TASK STATEMENT:
If a line in the data below contains the word "granite", copy it out.

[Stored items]
- - - - -

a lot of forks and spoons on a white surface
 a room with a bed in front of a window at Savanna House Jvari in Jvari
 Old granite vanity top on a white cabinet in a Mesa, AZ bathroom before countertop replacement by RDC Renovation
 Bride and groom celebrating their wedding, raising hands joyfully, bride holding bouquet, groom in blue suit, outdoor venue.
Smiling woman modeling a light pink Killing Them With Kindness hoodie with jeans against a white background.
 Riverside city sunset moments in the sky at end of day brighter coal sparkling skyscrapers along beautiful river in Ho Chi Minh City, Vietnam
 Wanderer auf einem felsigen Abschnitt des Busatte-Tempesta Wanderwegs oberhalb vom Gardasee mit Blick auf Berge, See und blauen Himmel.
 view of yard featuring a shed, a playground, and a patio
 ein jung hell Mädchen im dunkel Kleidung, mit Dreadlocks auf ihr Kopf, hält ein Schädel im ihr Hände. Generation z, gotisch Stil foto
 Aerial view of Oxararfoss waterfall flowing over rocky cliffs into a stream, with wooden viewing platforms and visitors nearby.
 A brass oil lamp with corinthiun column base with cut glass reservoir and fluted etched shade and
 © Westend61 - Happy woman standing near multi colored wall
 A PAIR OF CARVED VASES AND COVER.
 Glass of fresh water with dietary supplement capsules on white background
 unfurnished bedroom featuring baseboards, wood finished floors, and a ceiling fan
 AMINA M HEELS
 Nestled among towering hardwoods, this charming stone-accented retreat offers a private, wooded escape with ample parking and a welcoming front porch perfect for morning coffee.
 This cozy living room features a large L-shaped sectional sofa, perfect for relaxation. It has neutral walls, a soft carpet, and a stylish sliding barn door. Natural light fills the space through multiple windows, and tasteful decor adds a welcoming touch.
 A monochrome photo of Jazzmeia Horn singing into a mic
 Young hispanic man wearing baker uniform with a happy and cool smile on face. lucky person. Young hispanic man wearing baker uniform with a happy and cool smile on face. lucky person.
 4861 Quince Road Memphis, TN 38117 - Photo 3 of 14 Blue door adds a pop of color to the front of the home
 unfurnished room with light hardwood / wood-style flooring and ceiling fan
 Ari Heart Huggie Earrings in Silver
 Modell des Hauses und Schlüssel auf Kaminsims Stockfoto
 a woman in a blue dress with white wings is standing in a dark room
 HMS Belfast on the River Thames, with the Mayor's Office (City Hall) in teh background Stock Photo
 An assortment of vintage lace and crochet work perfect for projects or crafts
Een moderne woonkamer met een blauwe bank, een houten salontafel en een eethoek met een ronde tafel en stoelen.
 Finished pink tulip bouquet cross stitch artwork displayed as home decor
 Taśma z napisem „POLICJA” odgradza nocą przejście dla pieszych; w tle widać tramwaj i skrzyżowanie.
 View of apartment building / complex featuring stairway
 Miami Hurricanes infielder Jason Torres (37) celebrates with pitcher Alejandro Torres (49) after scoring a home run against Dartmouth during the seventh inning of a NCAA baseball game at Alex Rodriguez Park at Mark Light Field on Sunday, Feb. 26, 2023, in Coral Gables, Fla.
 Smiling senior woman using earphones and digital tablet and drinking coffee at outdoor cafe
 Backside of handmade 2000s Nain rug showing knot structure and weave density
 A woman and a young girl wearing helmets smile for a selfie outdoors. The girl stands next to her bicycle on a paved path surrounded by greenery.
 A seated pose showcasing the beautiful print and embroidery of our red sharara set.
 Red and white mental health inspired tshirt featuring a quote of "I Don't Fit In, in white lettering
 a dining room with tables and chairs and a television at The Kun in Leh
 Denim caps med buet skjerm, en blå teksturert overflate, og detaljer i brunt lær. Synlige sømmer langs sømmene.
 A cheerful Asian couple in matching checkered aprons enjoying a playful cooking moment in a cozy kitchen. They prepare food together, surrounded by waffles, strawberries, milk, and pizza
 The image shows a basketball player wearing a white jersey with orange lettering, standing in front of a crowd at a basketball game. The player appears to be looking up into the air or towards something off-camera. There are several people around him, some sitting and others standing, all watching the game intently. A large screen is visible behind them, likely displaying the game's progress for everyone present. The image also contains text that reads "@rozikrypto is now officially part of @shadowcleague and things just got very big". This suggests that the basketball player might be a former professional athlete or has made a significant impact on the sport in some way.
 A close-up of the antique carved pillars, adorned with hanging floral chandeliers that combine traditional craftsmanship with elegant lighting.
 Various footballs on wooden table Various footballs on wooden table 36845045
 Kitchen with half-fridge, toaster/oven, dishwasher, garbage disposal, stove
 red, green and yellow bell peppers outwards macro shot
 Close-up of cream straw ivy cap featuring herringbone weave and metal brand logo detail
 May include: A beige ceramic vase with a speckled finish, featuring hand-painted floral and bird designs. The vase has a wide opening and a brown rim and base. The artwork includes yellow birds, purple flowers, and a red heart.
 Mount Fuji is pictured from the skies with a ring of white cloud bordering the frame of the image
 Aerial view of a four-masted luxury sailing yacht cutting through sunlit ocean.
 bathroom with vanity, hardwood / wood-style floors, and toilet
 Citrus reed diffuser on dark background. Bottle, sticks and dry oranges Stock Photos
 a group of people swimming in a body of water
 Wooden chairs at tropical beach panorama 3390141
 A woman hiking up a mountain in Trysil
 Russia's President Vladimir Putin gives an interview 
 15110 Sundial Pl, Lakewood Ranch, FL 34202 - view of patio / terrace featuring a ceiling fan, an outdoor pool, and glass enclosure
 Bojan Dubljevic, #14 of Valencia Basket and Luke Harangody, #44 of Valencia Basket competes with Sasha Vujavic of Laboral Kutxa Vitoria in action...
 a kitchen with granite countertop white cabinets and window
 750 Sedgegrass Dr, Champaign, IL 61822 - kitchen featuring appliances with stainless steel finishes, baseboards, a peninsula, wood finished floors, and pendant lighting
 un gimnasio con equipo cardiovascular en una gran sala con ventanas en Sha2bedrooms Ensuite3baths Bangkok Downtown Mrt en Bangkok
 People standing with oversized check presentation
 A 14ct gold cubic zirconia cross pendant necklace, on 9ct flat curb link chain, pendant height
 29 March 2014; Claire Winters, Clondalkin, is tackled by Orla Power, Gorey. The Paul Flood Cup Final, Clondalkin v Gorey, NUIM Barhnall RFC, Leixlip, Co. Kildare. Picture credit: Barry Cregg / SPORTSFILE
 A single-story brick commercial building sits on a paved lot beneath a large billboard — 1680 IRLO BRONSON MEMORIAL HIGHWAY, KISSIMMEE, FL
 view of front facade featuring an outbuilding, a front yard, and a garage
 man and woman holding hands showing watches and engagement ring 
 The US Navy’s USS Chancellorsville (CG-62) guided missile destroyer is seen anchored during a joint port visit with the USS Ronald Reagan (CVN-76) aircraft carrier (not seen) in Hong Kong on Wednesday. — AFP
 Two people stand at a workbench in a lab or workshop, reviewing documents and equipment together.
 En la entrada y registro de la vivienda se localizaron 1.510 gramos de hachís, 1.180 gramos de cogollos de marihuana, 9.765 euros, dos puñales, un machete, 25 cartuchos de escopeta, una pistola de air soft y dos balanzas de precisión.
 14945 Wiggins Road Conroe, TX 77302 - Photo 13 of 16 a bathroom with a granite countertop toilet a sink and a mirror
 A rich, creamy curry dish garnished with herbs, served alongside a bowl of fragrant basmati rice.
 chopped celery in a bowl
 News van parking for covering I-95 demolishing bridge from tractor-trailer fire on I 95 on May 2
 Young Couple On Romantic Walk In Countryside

- - - - -

THE ANSWER:
 Old granite vanity top on a white cabinet in a Mesa, AZ bathroom before countertop replacement by RDC Renovation
 a kitchen with granite countertop white cabinets and window
 14945 Wiggins Road Conroe, TX 77302 - Photo 13 of 16 a bathroom with a granite countertop toilet a sink and a mirror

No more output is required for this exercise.